» YOUR TASK
Locate the line containing "Toy Story Daddy" in the material below. Copy that line and all following lines through the end exactly, omitting any pictures.

» MATERIAL PROVIDED
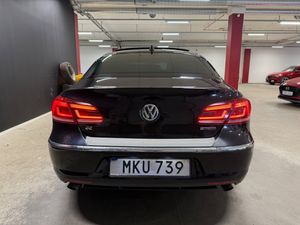 Volkswagen CC bild 4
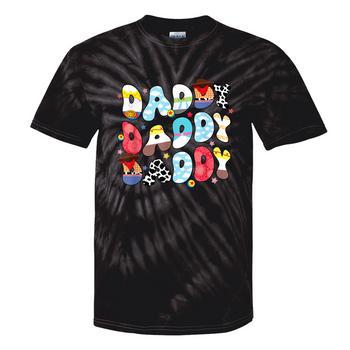 Toy Story Daddy Boy Mom Fathers Day For Womens T Shirt Monsterry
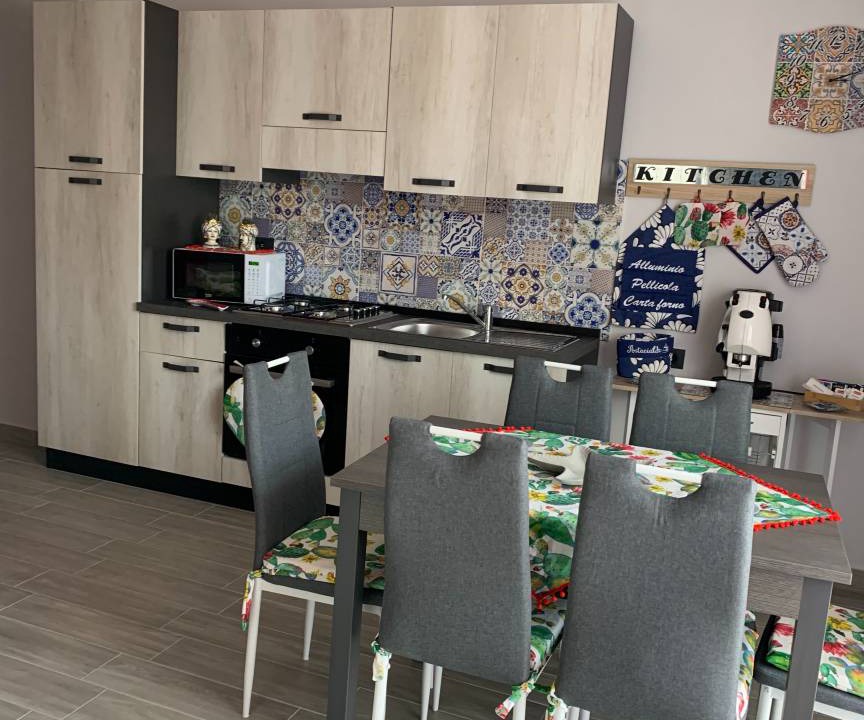 Photo of Kitchen in Siculiana
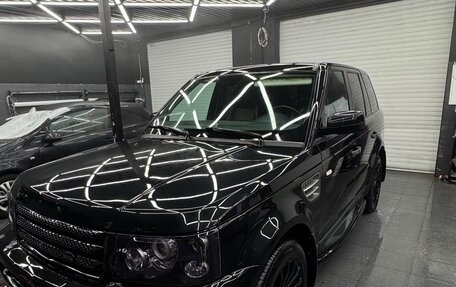 Land Rover Range Rover Sport I рестайлинг, 2008 год, 1 199 000 рублей, 1 фотография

» ANSWER SPACE
 Toy Story Daddy Boy Mom Fathers Day For Womens T Shirt Monsterry
 Photo of Kitchen in Siculiana
 Land Rover Range Rover Sport I рестайлинг, 2008 год, 1 199 000 рублей, 1 фотография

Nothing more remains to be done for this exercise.